John Ellingsworth is the Deputy Editor of Total Theatre Magazine. He also runs the online circus magazine Sideshow and trains non-performance corde lisse.

SPILL National Platform: Call for entries 2012

Part of SPILL Festival of Performance, the SPILL National Platform showcases the work of emerging artists creating ‘innovative, daring and exciting work’. SPILL are currently calling for submissions for the National Platform at SPILL 2012:

The National Platform is for artists who are at the beginning of their professional practice, including recent graduates, and who have only had a few opportunities to show their work publicly. The National Platform is aimed at artists and companies based in the UK and Ireland who are interested in the ‘experience’ or the ‘event’ of art and who work with ideas of ‘liveness’. The Platform is open to artists and companies who are centralising or exploring the ‘liveness’ of the artist and/or the ‘liveness’ of the audience through performance, sound, film, video, installation, new media or digital practices.

Across three days and at multiple locations in Ipswich, emerging artists and companies will have a fantastic opportunity to showcase their work to an audience made up of national and international promoters and artists, and members of the public. Each artist or company selected for the Platform will receive an inclusive fee of £200, plus accommodation, and technical and marketing support.

Previously biennial, this year SPILL becomes an annual festival, alternating between Ipswich in November 2012, and London in April 2013. To download an application pack and for details on how to apply for the National Platform see here. The deadline for applications is strictly noon on Monday 18 June 2012.

Elevator Repair Service: Choreography & Text: Translating Source Material into Performance

At the end of June, Brighton venue The Basement will be hosting a workshop from the seminal New York-based performance company Elevator Repair Service. Scheduled as the first in a series of workshops by leading international performers and performance companies, Choreography & Text: Translating Source Material into Performance will explore the approaches to performance that are embodied in the company’s own work. Four members of the ensemble will conduct the workshop, led by Elevator artistic director John Collins.

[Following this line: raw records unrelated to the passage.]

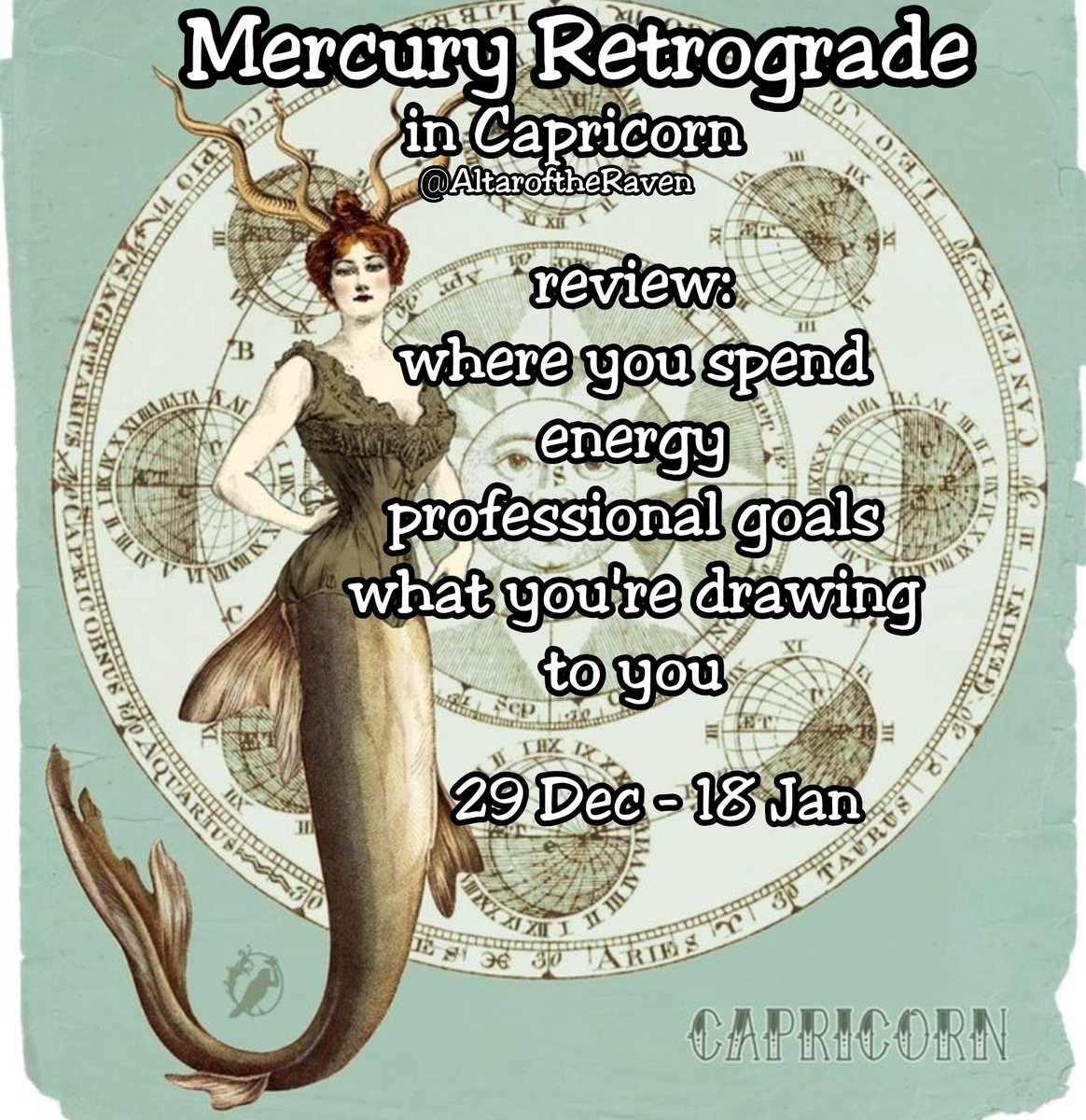 AltaroftheRaven's tweet photo. Tomorrow the messenger planet, Mercury, moves retrograde while still transiting the cardinal earth sign, Capricorn. 

Mercury rules the mind, communication, transportation and is associated with our hands...

#mercuryretrograde #capricorn https://t.co/PZMX2f60Gs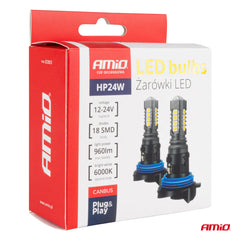 Setti, jossa on kaksi HP24W LED-polttimoa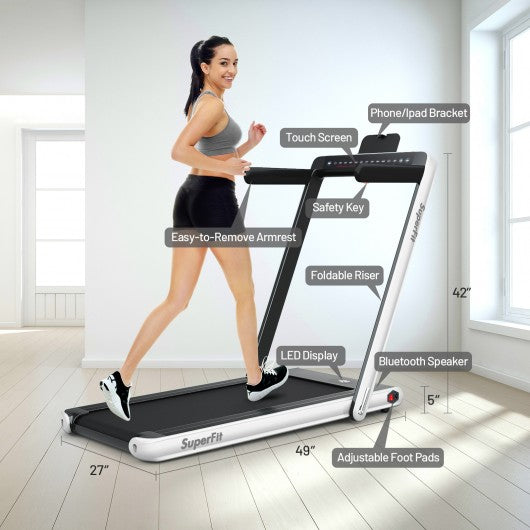 2-in-1 Electric Motorized Health and Fitness Folding Treadmill with Du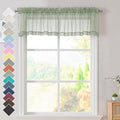 OVZME 2 Panels Sage Green Semi Sheer Valance - Short Fresh Curtain Valances for Windows, Basement, Kitchen Window, Dual Rod Pocket (Sage Green, 42 by 14 Inches Long)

Application process: spaces on the workshop are limited and the organisers expect a high demand for places. Applicants are requested to send a short description (strictly no more than one page of A4) of their practice and how they believe the workshop will be beneficial to their artistic development, and links to video documentation of their work. The Basement will be able to provide a list of reasonably priced accommodation on request.

Dates: 24 June – 26 June 2012
Price: £50

Applications should be sent to Abby Butcher: abby@thebasement.uk.com

The closing date for applications is 4 June 2012 at 10am. Successful applicants will be informed by 8 June.

The Choreography & Text: Translating Source Material into Performance workshop is presented as part of east.by.south.east, a project designed to enrich and strengthen practices and infrastructure for contemporary performance in the East and South East regions.

Elevator Repair Service will be performing GATZ at the Noël Coward Theatre in London 8-15 July as part of LIFT.

Physical Fest 2012

Now in its eighth year and taking place once again in Liverpool, Physical Fest is an international festival of physical theatre that combines a rich programme of workshops (in movement, mime, martial arts, clown, etcetera) with a showcase of new work, Fest Live, organised in association with the Unity Theatre.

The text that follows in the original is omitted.